Hello, Bill, and a warm welcome to Home Theater Shack!

Please describe the noise. If it is a hum, sometimes moving the sub's signal cable away from power cords will help. 

However, I gather from your description that it varies with volume. This indicates that it is coming from the receiver or something connected to it. Is the noise present with all sources? Again, if it is a hum, try moving signal cords away from power cords.

If it is a rushing sound instead of a hum, try decreasing the volume control on the sub amp and increasing the sub level on the receiver.


----------



## tonyvdb (Sep 5, 2007)

Also a bad ground on the cable (satellite) can also cause a hum, if the other ideas dont help try disconnecting the cable box/PVR from the system and see if it goes away.


----------



## ALMFamily (Oct 19, 2011)

tonyvdb said:


> Also a bad ground on the cable (satellite) can also cause a hum, if the other ideas dont help try disconnecting the cable box/PVR from the system and see if it goes away.


This was the cause of my hum - and it seems to be (from reading other threads) the leading cause of hums. I corrected mine by running the cable to a power strip with a grounding cable connection.


----------



## hjones4841 (Jan 21, 2009)

ALMFamily said:


> This was the cause of my hum - and it seems to be (from reading other threads) the leading cause of hums.
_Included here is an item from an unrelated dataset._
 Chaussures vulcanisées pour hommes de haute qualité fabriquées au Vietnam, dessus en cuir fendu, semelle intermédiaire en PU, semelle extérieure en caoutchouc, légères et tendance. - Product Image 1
I corrected mine by running the cable to a power strip with a grounding cable connection.


Another way is o put a ground isolator beween the cable box and the system. These are available commercially (Amazon, etc.), but a simple one can be made with two coax to twin lead matching transformers (75 ohm unbalanced to 300 ohm balanced.) Connect the 300 ohm sides together and insert the 75 ohm coax sides in line between the cable box and your system. If you have these laying around, it is a simple way to see if the cable is the problem and then buy a commercial one, although it is OK to leave them in line permanently.


----------



## Bill Hanley (Oct 30, 2012)

Hi Robb I should have been clearer The Denon crossover is set at 80 and according to the manual the velodyne crossover is fixed at 85

Bill Hanley


----------



## Sevenfeet (Feb 2, 2009)

Bill Hanley said:


> Hi Robb I should have been clearer The Denon crossover is set at 80 and according to the manual the velodyne crossover is fixed at 85
> 
> Bill Hanley


Does that strike everyone as odd? An 85 db crossover that fixed? But regardless, setting the Denon at 80 should be close enough, and the crossover isn't a "cliff" rolloff anyway but a gradual slope. That should still mate well with any receiver set at 80. Power management devices like from Panamax or APC also can address electric hums entering your system but that's a more expensive option to consider.


----------



## Bill Hanley (Oct 30, 2012)

Thanks for that

Bill Hanley


----------